Wow! Thanks for your great diligence!

With all due respect, as I pointed out, I wasn’t doing Italian or Australian films or films that were made somewhere close to Hollywood. Firsts, and so forth, refered to firsts for Hollywood. (That’s why no Black film until 1969, for example.) His Steamboat Willie correction was helpful, and the only other relevant comment was about Birth of a Nation color, which seems to be somewhat controversial.

Right. I should have said it was nominated for 12, not that it won 12.

Are you sure your sources are listing the roadshow income? According to Cinema Web, what the The Big Parade grossed represented a third of the earnings of the entire industry in 1925.

Gah! Once again, I should have said nominated, not won. They were all nominated.

Oh, sure. But I think that by “soundtrack”, they meant an album produced from the film.

The only two that I could find for Faye Dunaway were The Happening and Hurry Sundown, both released the same year as Bonnie and Clyde.
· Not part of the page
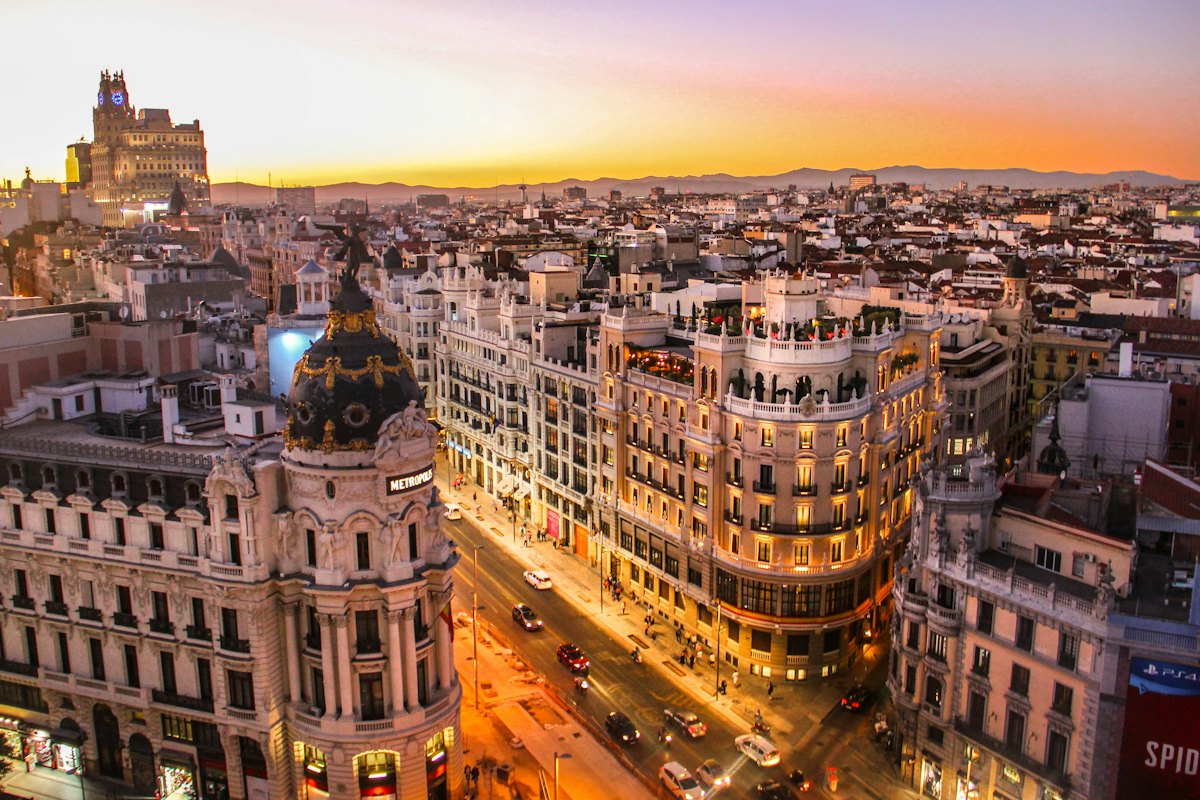 Sunny Barcelona cityscape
You’re right that Hackman had appeared in other films (four total, I think), but he was practically unknown until B&C.

My source on that was TVGuide Online. It said, "On its initial release, at the height of the Great Depression, KING KONG grossed $1,761,000 and by itself saved the studio that produced it [RKO] from bankruptcy. "
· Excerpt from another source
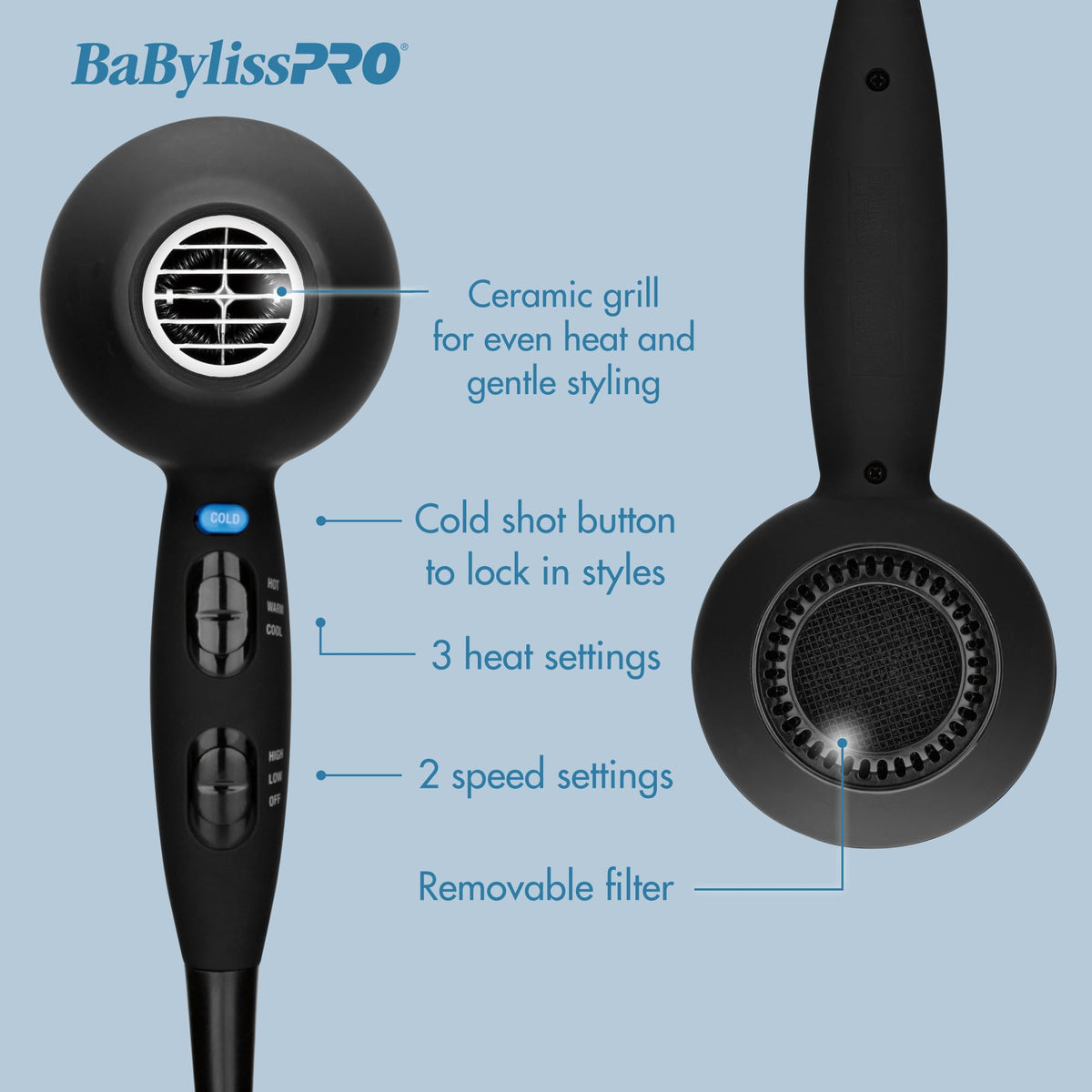BaBylissPRO Ceramix Xtreme removable rear filter close-up for easy cleaning and maintenance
Egad! You’re right, of course. I even listed the AMPAS as a source. Thanks for catching that one.

Well, yeah, you’re right. I should have listed those separately, I suppose, rather than as a parenthetical.

Yep. This time I reversed it the other way. I should have said that it won 3 acting awards: Best Actress for Vivien Leigh, Best Supporting Actress for Kim Hunter, and Best Supporting Actor for Karl Malden.
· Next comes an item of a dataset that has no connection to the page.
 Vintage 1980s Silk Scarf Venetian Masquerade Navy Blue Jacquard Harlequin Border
The sources I consulted say that Frank Woods, who had seen the Kinemacolor footage from the 1911 abandoned The Clansman, oversaw the Max Handschiegl hand color engraving process for the 1915 release.

Great, thanks again!

From Lib’s The Sound of Music entry:

You’re right. However, that film is Mary Poppins. :smiley:

Oh, crap. I see now that DoctorJ beat me to it.

At the end of the movie, Rocky loses the big fight. The hero loses at the end of all the great sports movies.

According to IMDB, the budget was only $35,000. With the $140 million gross, that makes profits of 400,000%!!

But Rocky didn’t really lose, and that’s the whole point. Rocky lost the fight, yes, in a manner similar to the way that Wepner lost to Ali, going far beyond anyone’s expectations and losing by a close decision. Remember that it was “the greatest exhibition of guts and stamina in the history of the ring”. His victory was encapsulated by the ending scene of Rocky and Adrian, locked in an embrace and declaring their love for one another.

Still, your point is technically valid. The metaphor of David beating Goliath was ill-chosen. But the one about the good guy winning still stands: in every great sports movie, they hero gets the girl.